▸ **EXERCISE DATA**:
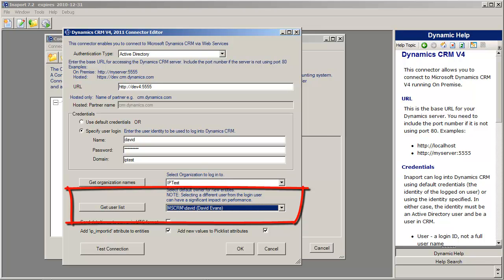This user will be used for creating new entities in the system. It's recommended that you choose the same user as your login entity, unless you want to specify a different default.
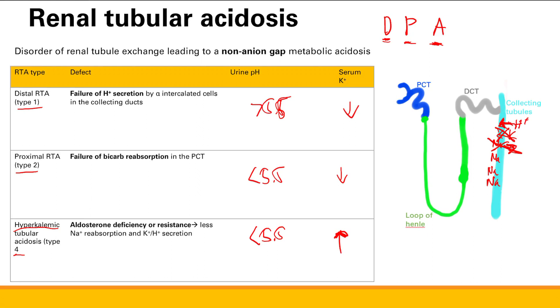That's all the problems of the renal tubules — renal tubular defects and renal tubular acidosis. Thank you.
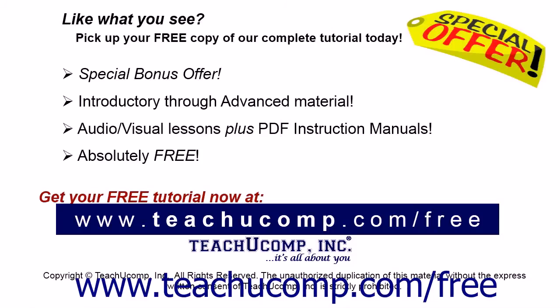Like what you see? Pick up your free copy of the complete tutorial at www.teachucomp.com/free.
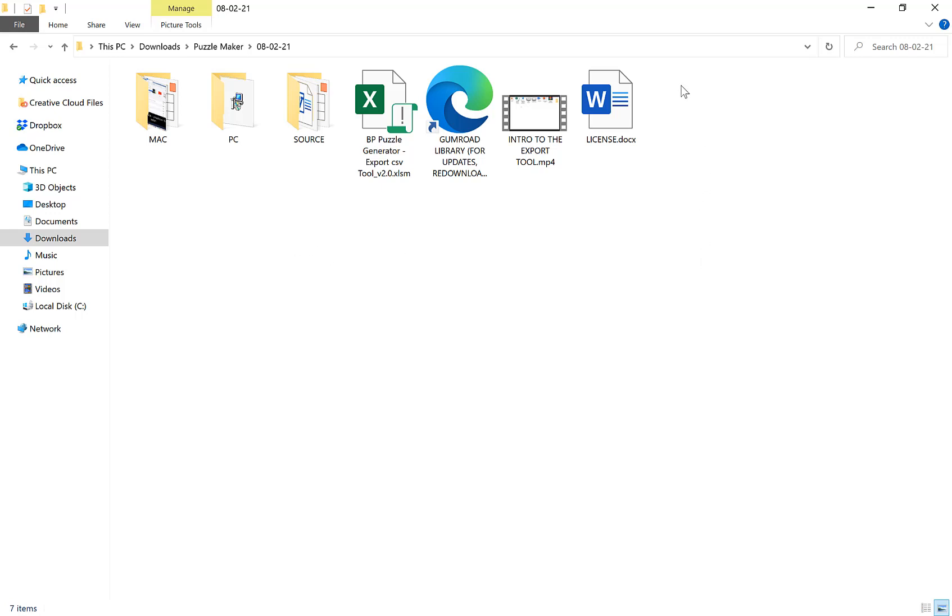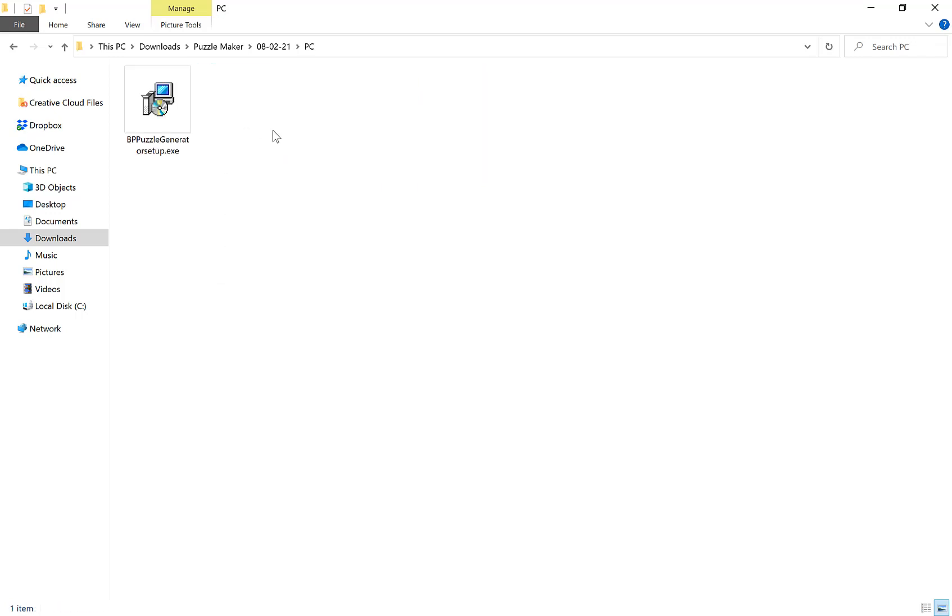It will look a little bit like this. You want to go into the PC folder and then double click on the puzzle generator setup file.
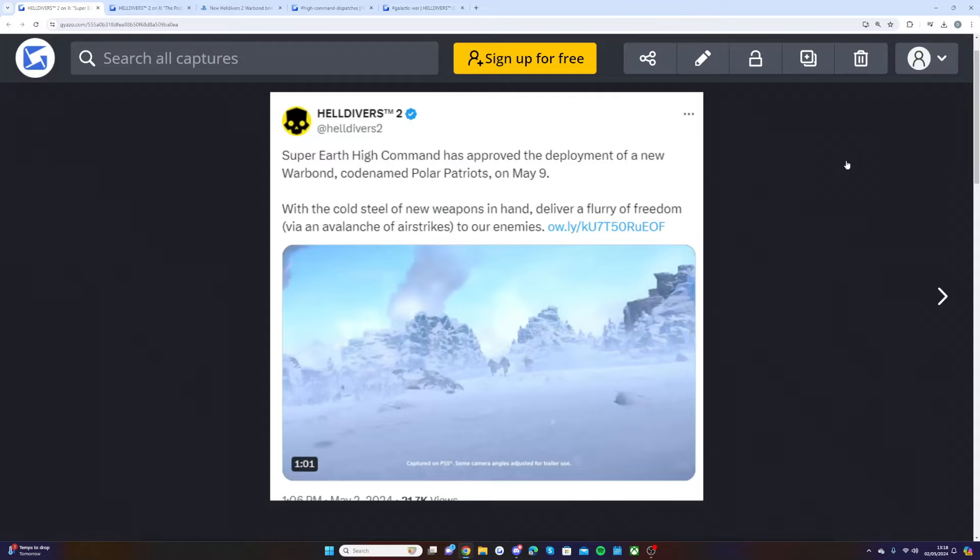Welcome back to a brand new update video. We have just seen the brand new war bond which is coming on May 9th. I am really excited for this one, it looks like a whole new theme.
--
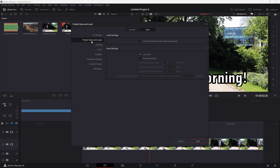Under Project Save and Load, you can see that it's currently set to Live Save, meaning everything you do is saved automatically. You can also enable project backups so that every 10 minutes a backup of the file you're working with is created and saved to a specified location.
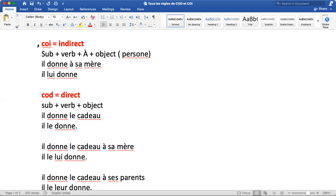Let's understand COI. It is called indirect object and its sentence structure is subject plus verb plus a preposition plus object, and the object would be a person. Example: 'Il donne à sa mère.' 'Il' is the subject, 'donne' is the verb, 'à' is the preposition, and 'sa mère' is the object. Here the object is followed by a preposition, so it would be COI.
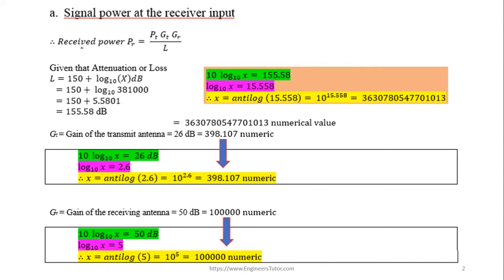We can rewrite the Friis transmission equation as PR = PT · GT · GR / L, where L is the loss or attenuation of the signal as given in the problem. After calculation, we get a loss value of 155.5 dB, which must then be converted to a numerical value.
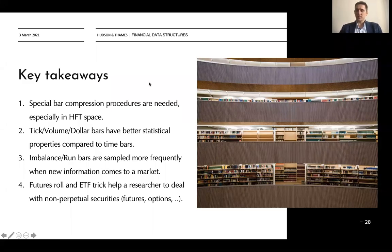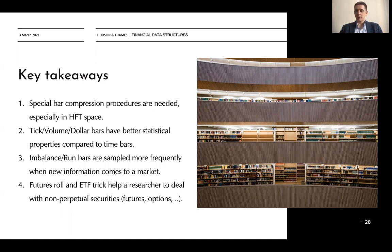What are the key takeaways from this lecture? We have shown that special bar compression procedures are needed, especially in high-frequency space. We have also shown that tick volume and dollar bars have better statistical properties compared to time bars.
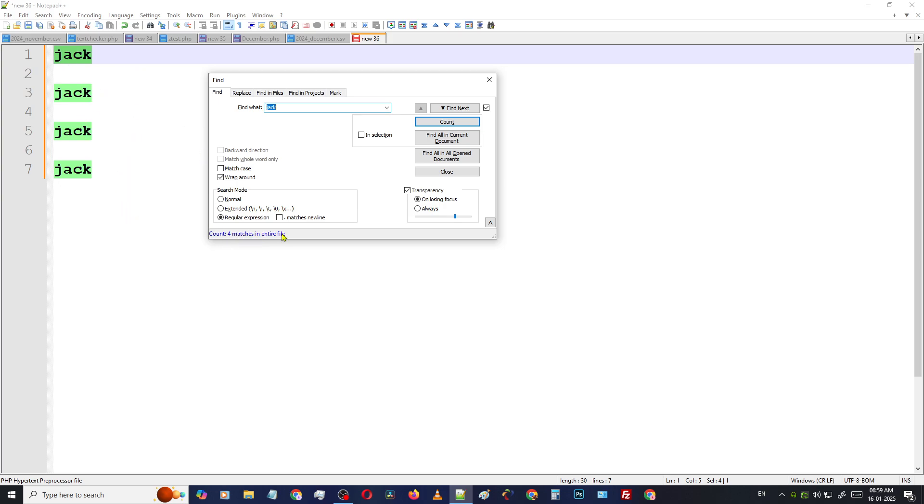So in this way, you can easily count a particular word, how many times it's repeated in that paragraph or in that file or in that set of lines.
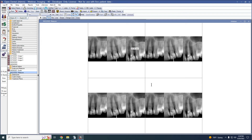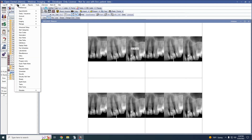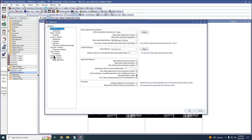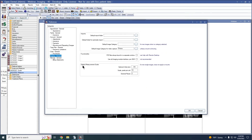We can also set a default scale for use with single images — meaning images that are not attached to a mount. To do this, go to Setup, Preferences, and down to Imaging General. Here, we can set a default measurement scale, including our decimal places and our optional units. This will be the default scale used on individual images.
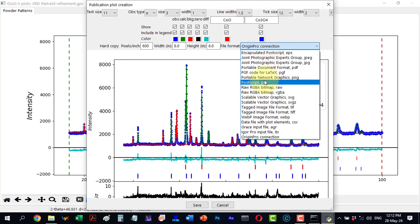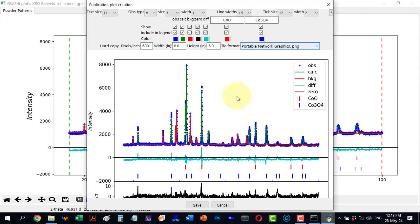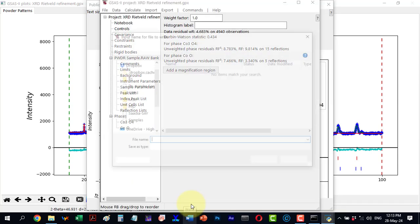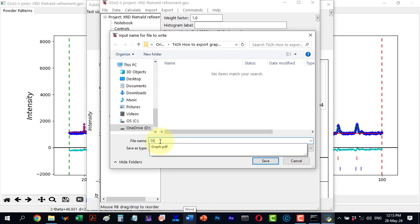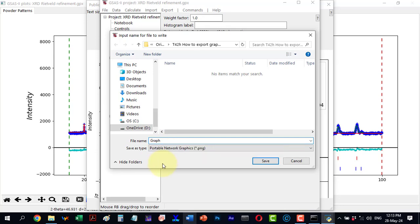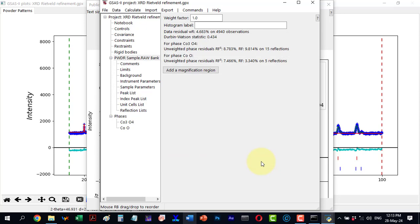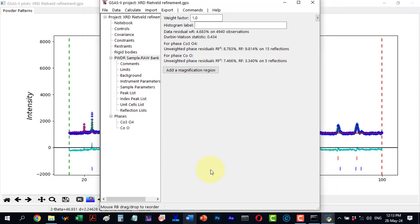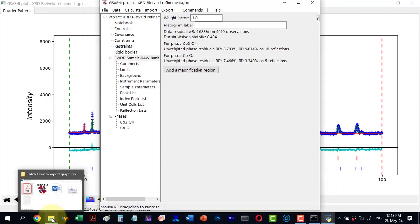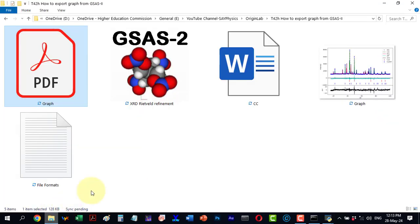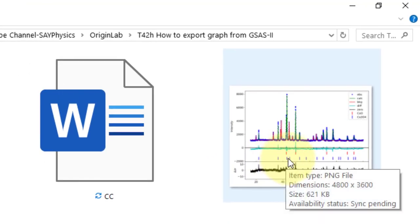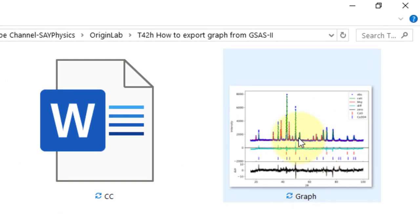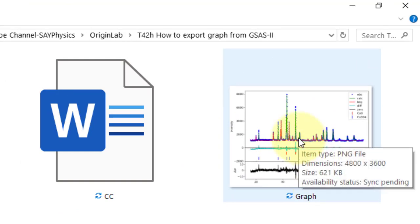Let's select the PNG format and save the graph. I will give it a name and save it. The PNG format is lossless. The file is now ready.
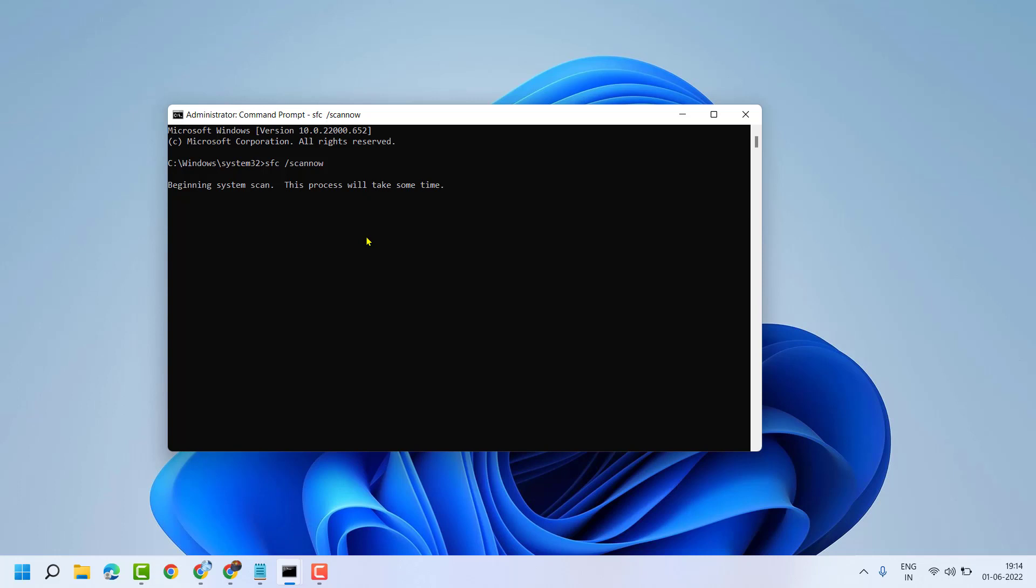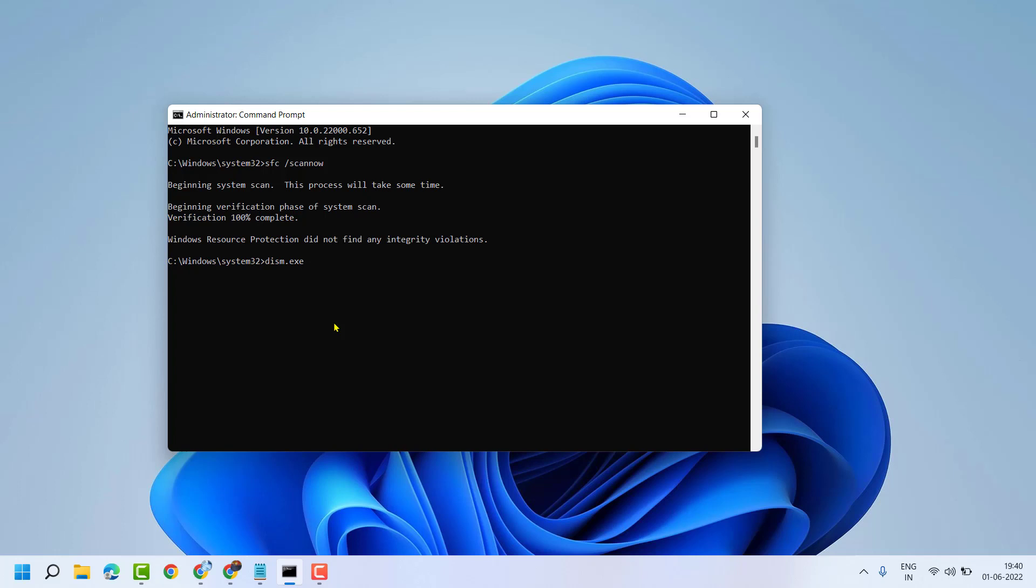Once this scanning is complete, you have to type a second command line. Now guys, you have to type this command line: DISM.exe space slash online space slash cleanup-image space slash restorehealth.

▸ **YOUR INSTRUCTIONS**: Going back to the data above, write out everything from the line with "We can rewrite" down to the line with "Once this scanning", both included, leaving every picture out.

▸ **ANSWER TO THE PROBLEM**:
We can rewrite the Friis transmission equation as PR = PT · GT · GR / L, where L is the loss or attenuation of the signal as given in the problem. After calculation, we get a loss value of 155.5 dB, which must then be converted to a numerical value.
What are the key takeaways from this lecture? We have shown that special bar compression procedures are needed, especially in high-frequency space. We have also shown that tick volume and dollar bars have better statistical properties compared to time bars.
So in this way, you can easily count a particular word, how many times it's repeated in that paragraph or in that file or in that set of lines.
We can also set a default scale for use with single images — meaning images that are not attached to a mount. To do this, go to Setup, Preferences, and down to Imaging General. Here, we can set a default measurement scale, including our decimal places and our optional units. This will be the default scale used on individual images.
Let's select the PNG format and save the graph. I will give it a name and save it. The PNG format is lossless. The file is now ready.
Once this scanning is complete, you have to type a second command line. Now guys, you have to type this command line: DISM.exe space slash online space slash cleanup-image space slash restorehealth.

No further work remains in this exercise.